Image-caption web data
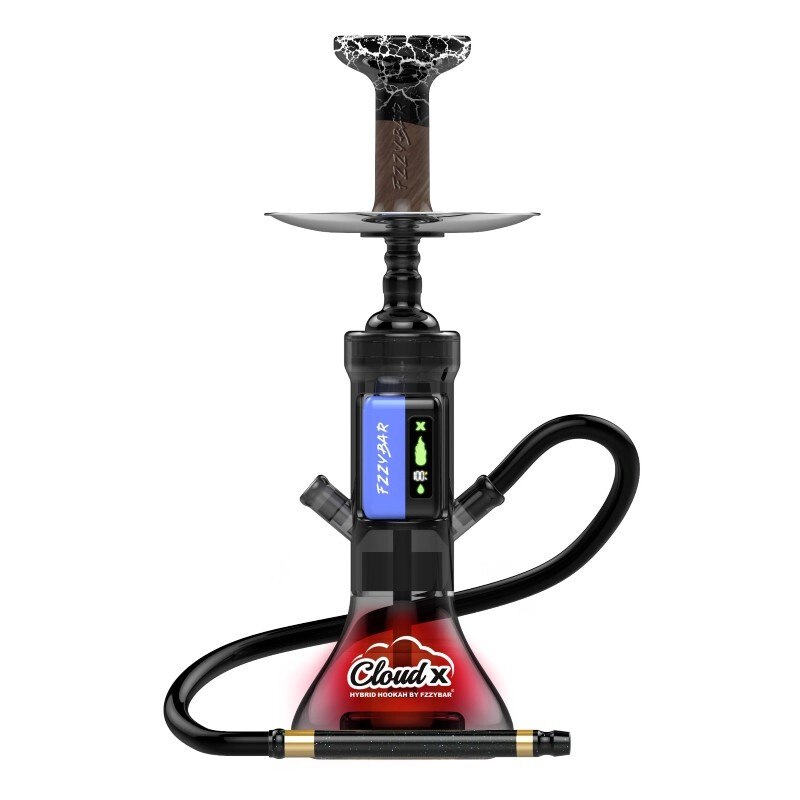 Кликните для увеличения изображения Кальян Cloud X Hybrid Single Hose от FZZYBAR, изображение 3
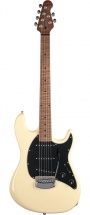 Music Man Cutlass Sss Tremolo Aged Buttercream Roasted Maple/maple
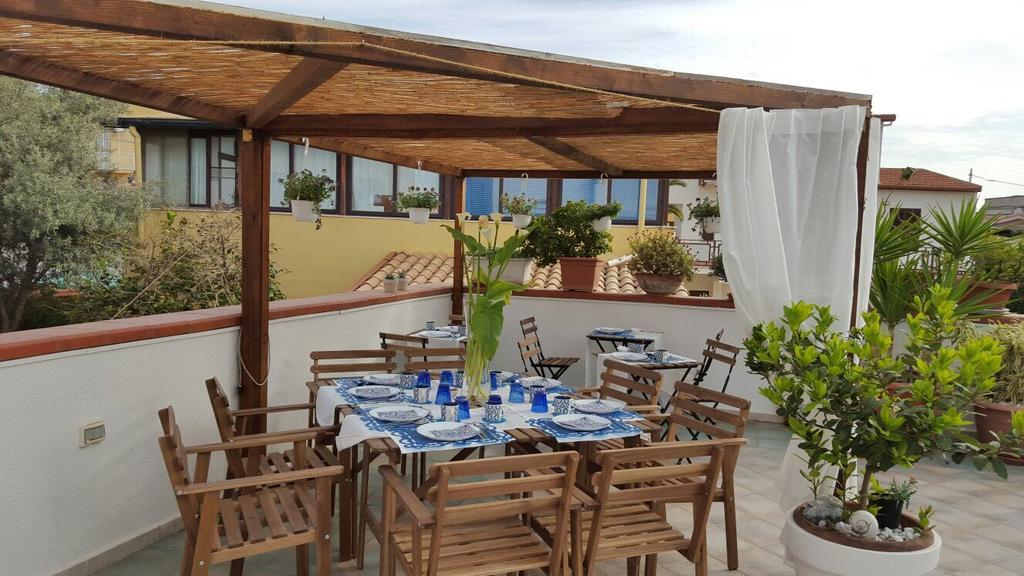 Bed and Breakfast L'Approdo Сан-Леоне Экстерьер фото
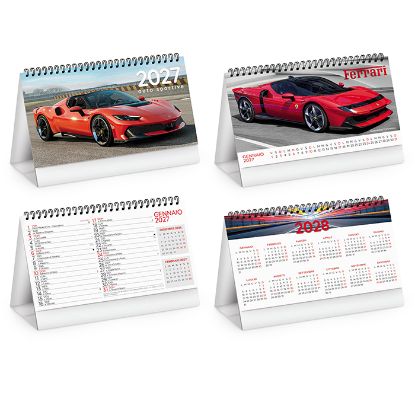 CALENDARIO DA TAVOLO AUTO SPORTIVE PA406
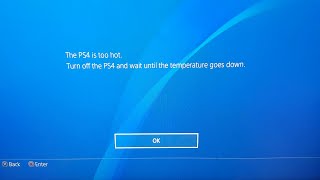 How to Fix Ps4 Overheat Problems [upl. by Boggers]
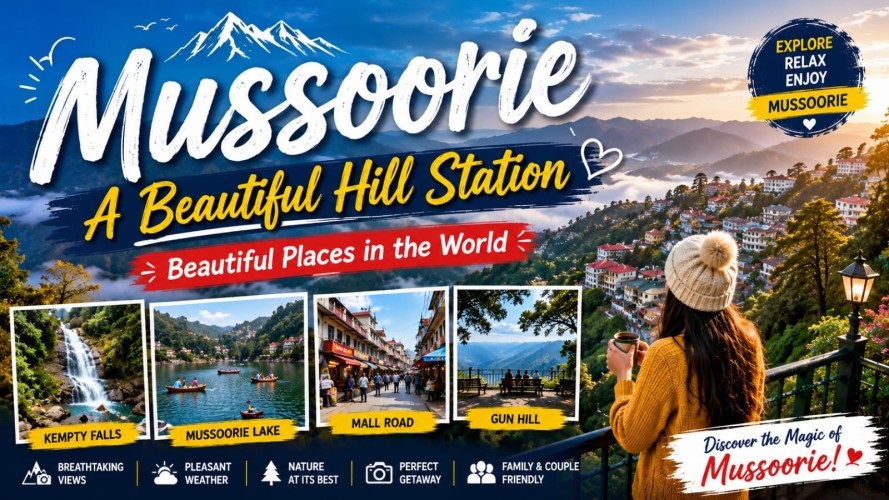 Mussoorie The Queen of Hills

* _Instructions to follow_: Beginning with the line where "How to Fix Ps4" appears, restate word for word every line down to the last one in the data, but keep the pictures out.

* _Result for this task_:
 How to Fix Ps4 Overheat Problems [upl. by Boggers]
 Mussoorie The Queen of Hills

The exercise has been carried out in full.